Granizaba mucho aquella tarde. Luego entraron los demás con “harto temor de los muchos indios que estaban en el real. Refiere un español que en aquel grave momento no esperaban otro socorro, sino el de Dios”. En Cajamarca sólo encontraron unos cuatrocientos indios; gente “popular”, según Estete, aunque les salieron al paso también algunos guerreros, curiosos desbandados del campo atahuallpista, Herrera relata que en un extremo de la plaza vieron un grupo de mujeres que lloraban. Les impresionó el cuadro, más aún cuando los intérpretes dijeron que esa indias se lamentaron de la cólera que en Atahuallpa había motivado la presenciade los invasores que, según anunciaban, morirían todos con seguridad. Cuenta un cristiano que a grandes voces los llamaban locos por haberse atrevido a entrar en Cajamarca. Quienes más sintieron el efecto de ese recibimiento fueron los indios aliados, “que lloraban diciendo que presto los habían de matar los que estaban con Atahuallpa”. No eran cobardes los españoles. Al contrario, algunos de sus caudillos descollaban por su valentía, aunque ésta era nacida de una ambición desmedida. Pero aquel día en Cajamarca según confesaría uno de los Pizarro, “muchos españoles se orinaban de puro temor”. En medio de la plaza, ”los de a caballo sin apearse hasta ver si Atahuallpa venía”, esperaron los invasores “mucho rato”. Mas, como acreciera la lluvia de granizo, “mandó el gobernador a los españoles que se aposentasen a los aposentos de esta plaza, y el capitán de artillería, con los tiros, en la fortaleza”. Esto último se hizo contra el parecer de los embajadores de Atahuallpa, que habían recomendado no entrar en la fortaleza.

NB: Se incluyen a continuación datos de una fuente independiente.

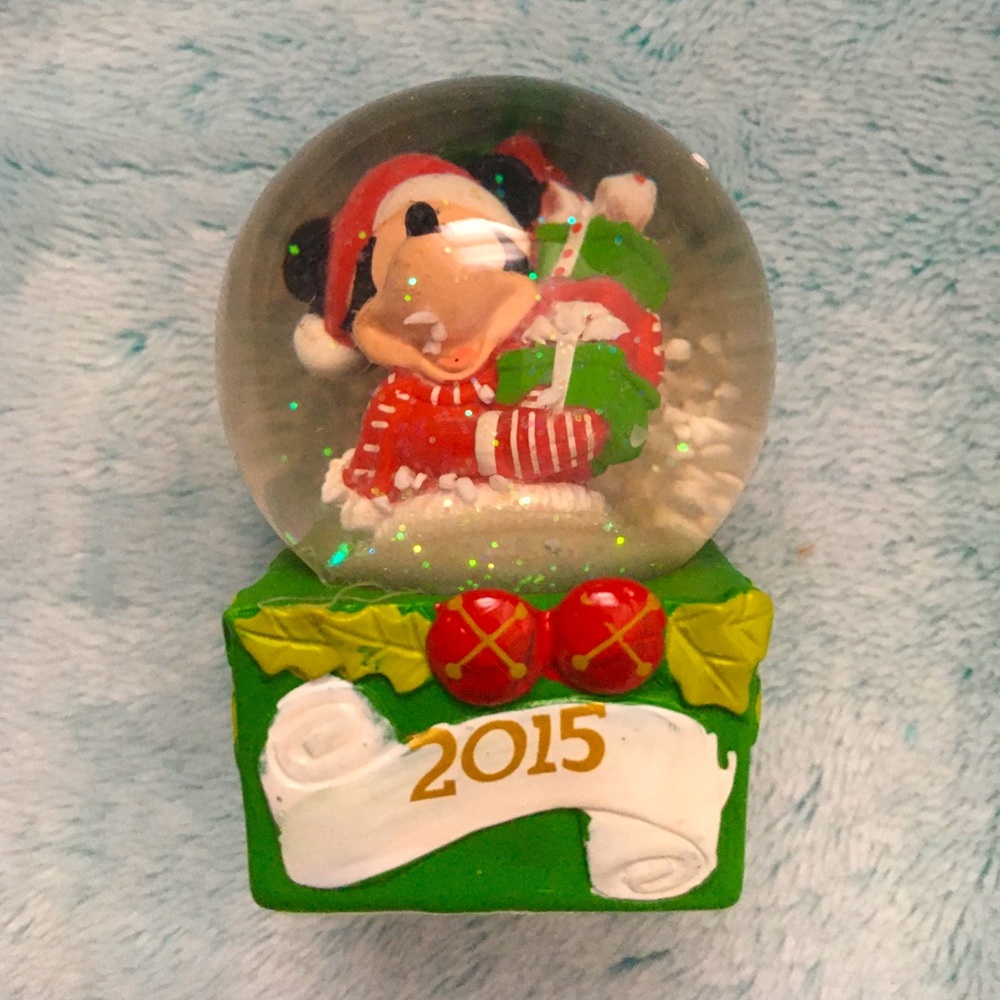 Disney 2015 Collectable Snowglobe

Pizarro no tuvo otra alternativa; sólo desde allí serían los suficientemente efectivos sus cañones en caso de un masivo ataque incaico. Ninguna esperanza se hacía el jefe cristiano en el aparente recibimiento pacífico. Sabía que Atahuallpa se preparaba a aniquilarlos. La cuestión era entonces adelantarse a esos planes.